You are correct of course that a generic NULL reference is not needed, but I fail to see that a typed NULL actually buys you anything at all...

I certainly agree that it is not clear what could be gained by removing generic null references.

RE: nullable pointers

Posted Mar 31, 2011 13:21 UTC (Thu) by HelloWorld (guest, #56129) [Link]

But when you really want a nullable pointer, as you do in a linked list or any tree data structure
You don't need nullable pointers for linked lists
abstract class List<T> { }
final class ListNil<T> { }
final class ListCons<T> { T elem; List<T> tail; }
or for trees
abstract class BinaryTree<T> { }
final class TreeNil<T> { }
final class TreeCons<T> { T elem; BinaryTree<T> left; BinaryTree<T> right; }
arbitrarily not allowing one seems pointless.
What is arbitrary is a null reference, not the lack of it. What could be more arbitrary than a magical value created out of thin air, which is a value of (almost) every type, yet supports none of the operations that all other values of these types support.

RE: nullable pointers

Posted Mar 31, 2011 15:45 UTC (Thu) by mister_m (guest, #72633) [Link]

Wouldn't you have bigger problems if you tried to access an element that was filled with garbage values?

RE: nullable pointers

Posted Mar 31, 2011 16:00 UTC (Thu) by HelloWorld (guest, #56129) [Link]

Of course, the compiler must ensure that a variable is never read before it is written. But this is fairly easy to do and does't require null.

RE: nullable pointers

Posted Mar 31, 2011 19:04 UTC (Thu) by mister_m (guest, #72633) [Link]

I am a bit of a novice. Would you mind explaining how I would enable the compiler to do that? I am missing some programming knowlege in this area I think = perhaps a suer defined type? In school, we always set unused pointers to null, and then check for null to see if we can dereference whatever is at the other end.

RE: nullable pointers

Posted Mar 31, 2011 20:36 UTC (Thu) by HelloWorld (guest, #56129) [Link]

> I am a bit of a novice. Would you mind explaining how I would enable the compiler to do that?
Unless you're the one writing the compiler, you can't. Of course, you could just use a language that does this by default, like Haskell or OCaml.

RE: nullable pointers

Posted Apr 12, 2011 16:04 UTC (Tue) by oelewapperke (guest, #74309) [Link]

The essence of the trick is that you simply make a type difference between "filled in" pointers and "null" pointers.

A tree would be defined like so :

abstract class TreeNode {}
abstract class EmptyTreeNode extends TreeNode {}
abstract class FilledTreeNode extends TreeNode {
TreeNode first;
TreeNode second;
}

If you combine this with runtime polymorphism you can do something like this (won't work in Java, but I'm using java code anyway)
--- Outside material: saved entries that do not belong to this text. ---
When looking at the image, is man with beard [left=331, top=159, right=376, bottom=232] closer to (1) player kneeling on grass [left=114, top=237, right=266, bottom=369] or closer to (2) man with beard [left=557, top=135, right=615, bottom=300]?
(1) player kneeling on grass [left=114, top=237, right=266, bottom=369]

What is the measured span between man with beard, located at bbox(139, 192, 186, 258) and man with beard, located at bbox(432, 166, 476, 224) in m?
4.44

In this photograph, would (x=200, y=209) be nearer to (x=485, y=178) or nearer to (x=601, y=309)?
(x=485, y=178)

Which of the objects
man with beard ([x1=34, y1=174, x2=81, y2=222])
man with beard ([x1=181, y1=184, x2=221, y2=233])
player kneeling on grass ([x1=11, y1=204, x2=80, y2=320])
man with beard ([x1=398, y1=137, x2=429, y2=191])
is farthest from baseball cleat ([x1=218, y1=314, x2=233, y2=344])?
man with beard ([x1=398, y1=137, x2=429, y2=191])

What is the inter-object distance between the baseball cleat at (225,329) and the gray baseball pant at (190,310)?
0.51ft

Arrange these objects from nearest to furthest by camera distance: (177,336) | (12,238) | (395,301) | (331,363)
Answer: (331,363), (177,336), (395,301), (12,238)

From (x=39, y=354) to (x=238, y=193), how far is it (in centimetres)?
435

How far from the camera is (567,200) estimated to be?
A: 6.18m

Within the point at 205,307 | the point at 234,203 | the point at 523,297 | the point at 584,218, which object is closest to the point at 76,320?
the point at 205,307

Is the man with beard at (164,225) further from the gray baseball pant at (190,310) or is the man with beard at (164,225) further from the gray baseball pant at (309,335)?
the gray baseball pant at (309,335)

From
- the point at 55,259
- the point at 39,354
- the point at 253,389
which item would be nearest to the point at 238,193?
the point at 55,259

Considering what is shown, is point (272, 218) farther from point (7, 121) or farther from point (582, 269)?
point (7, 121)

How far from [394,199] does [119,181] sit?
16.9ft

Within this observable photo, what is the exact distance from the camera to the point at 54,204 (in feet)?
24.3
void processTreeNode(EmptyTreeNode et) {}
void processTreeNode(FilledTreeNode ft) {
// you might want to do something useful here
processTreeNode(ft.first);
processTreeNode(ft.second);
// or here
}

then simply call processTreeNode(tree), and the compiler would figure out whether to call the first or the second function.

I would love for java to support this though.

RE: nullable pointers

Posted Apr 1, 2011 3:47 UTC (Fri) by neilbrown (subscriber, #359) [Link]
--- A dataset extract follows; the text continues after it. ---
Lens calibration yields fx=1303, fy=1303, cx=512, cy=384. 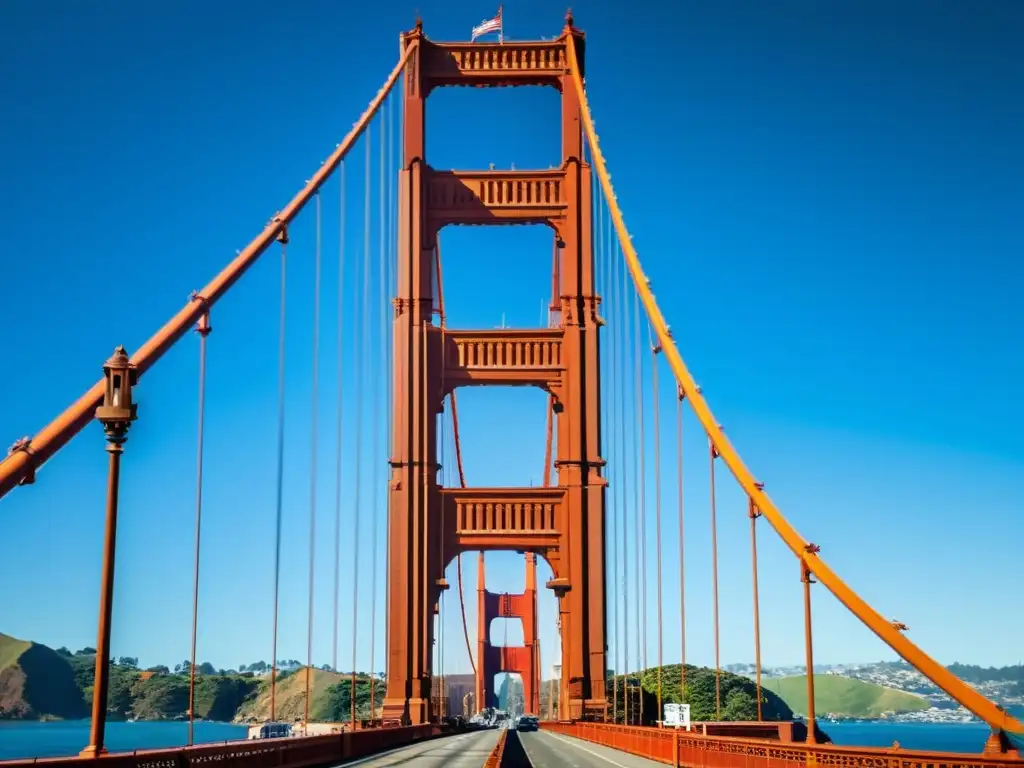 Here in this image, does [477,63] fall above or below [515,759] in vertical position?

I'm not familiar with the language you are writing in (being primarily a C programmer), but I gather the a variable of type "List<T>" is allowed to refer to either an object of type "ListNil<T>" or an object of type "ListCons<T>". "ListNil<T>" fills exactly the same role a "NULL" so what you have created is exactly a NULLable pointer, only with a different name and more complex syntax.

A rose by any other name still has thorns, and a NULL de-reference by any other name still causes a run-time-exception or worse.

All values are "created out of thin air". They are abstractions which we create and use to try to model "real" things. Values that are useful we re-use. Values that are not, we forget. NULL turns out to be useful.

Your argument against NULL would seem to apply equally to the value '0'. It is an arbitrary magical value - that the Romans seemed to manage with out. It is a value of every (numerical) type, yet it doesn't support being the divisor in a division. We really should eradicate it - that would get rid of all divide-by-zero errors forever.

Of course, divide-by-zero errors are not caused by the availability of a 0 value, but by the misuse of that value. Similarly NULL pointer de-reference errors are not caused by the availability of a 'NULL' value, but by the misuse of that value.

RE: nullable pointers

Posted Apr 1, 2011 4:39 UTC (Fri) by HelloWorld (guest, #56129) [Link]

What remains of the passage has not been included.